■ **Task to complete**
Set down, unchanged, the line holding "Thatcher | Suede Penny Loafers" and all lines that follow it to the end of the material, leaving pictures out.

■ **Given entries**
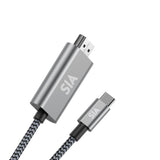 SIA TYPE-C TO HDMI CABLE 2.0M 4K 60HZ WITH METAL SHELL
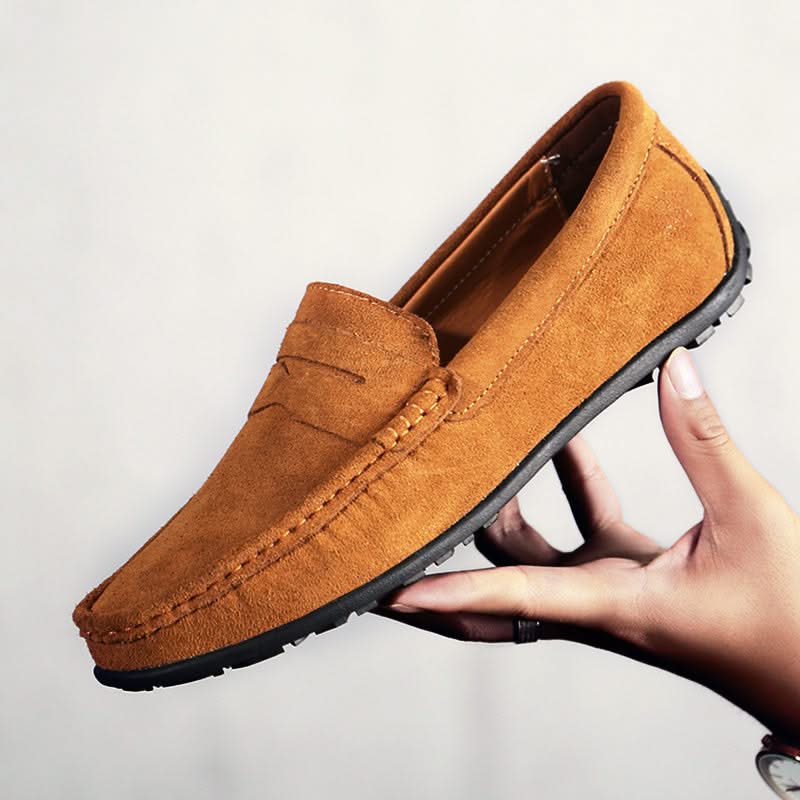 Thatcher | Suede Penny Loafers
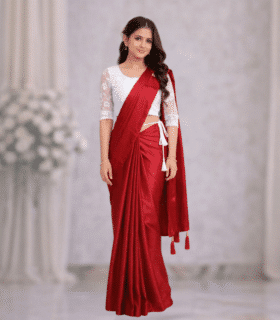 Premium Japanese Silk Ready Made Saree for Women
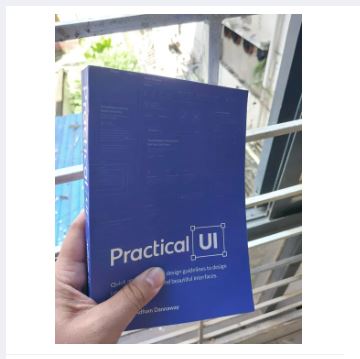 Practical UI: UI design book by Adham Dannaway | Color Print | Paperback. 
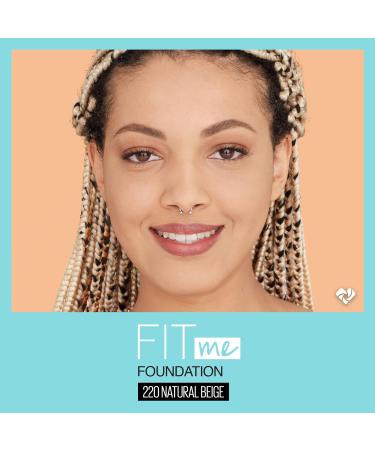 Maybelline Fit Me Natural Beige Foundation & Mattifying Primer Bundle (2 Count) - Buy Online on GoSupps.com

■ **Result of the exercise**
 Thatcher | Suede Penny Loafers
 Premium Japanese Silk Ready Made Saree for Women
 Practical UI: UI design book by Adham Dannaway | Color Print | Paperback. 
 Maybelline Fit Me Natural Beige Foundation & Mattifying Primer Bundle (2 Count) - Buy Online on GoSupps.com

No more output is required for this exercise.